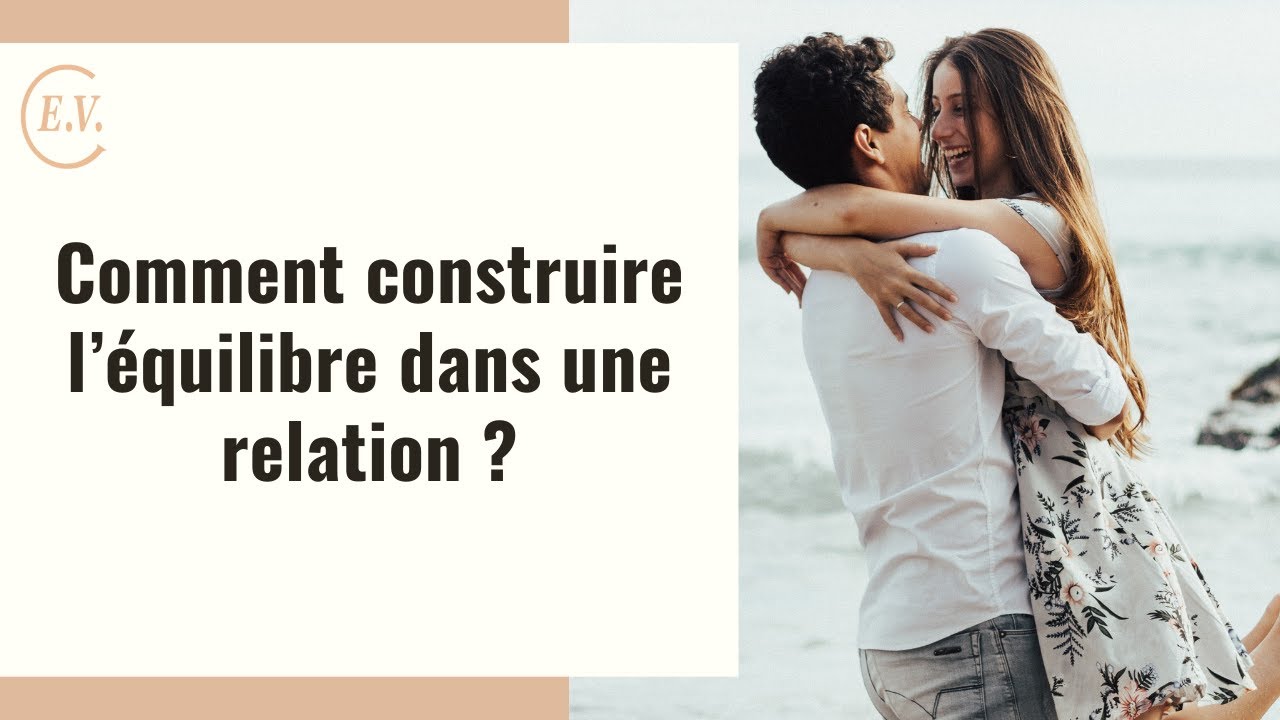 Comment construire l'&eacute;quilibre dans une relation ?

...

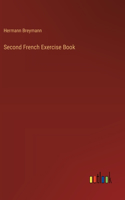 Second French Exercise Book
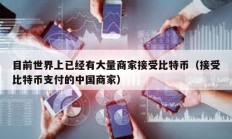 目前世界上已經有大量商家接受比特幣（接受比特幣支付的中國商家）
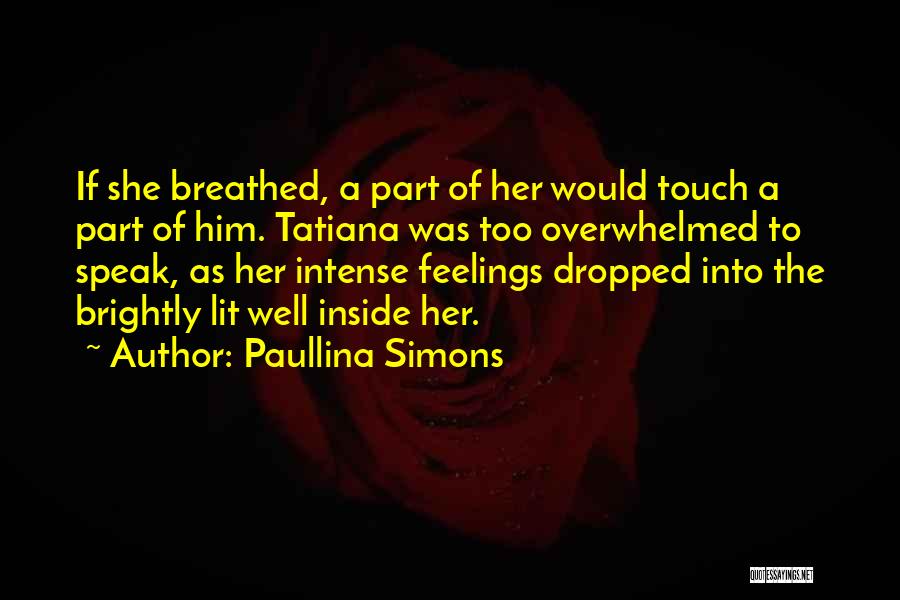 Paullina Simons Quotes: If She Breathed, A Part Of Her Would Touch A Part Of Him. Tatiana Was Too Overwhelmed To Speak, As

* * *

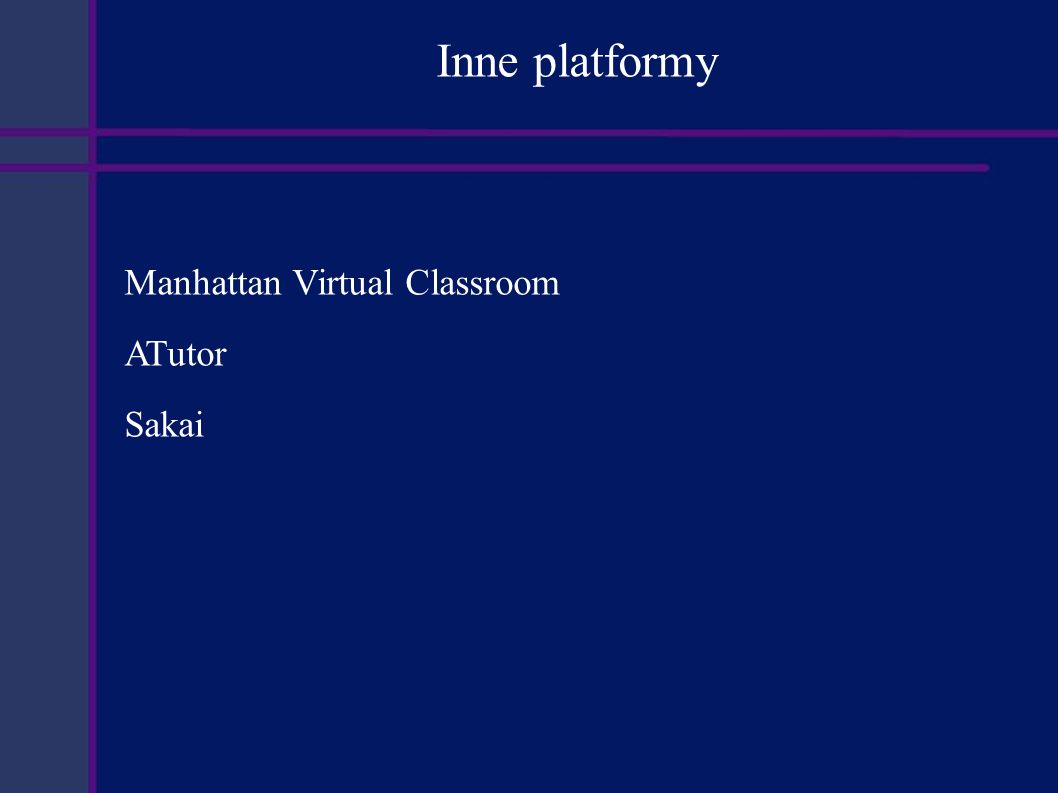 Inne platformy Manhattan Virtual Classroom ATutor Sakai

What is needed: Output only the stretch above from the line with "Second French Exercise Book" through the line with "Paullina Simons Quotes: If", reproduced exactly. Exclude pictures.

Result:
 Second French Exercise Book
 目前世界上已經有大量商家接受比特幣（接受比特幣支付的中國商家）
 Paullina Simons Quotes: If She Breathed, A Part Of Her Would Touch A Part Of Him. Tatiana Was Too Overwhelmed To Speak, As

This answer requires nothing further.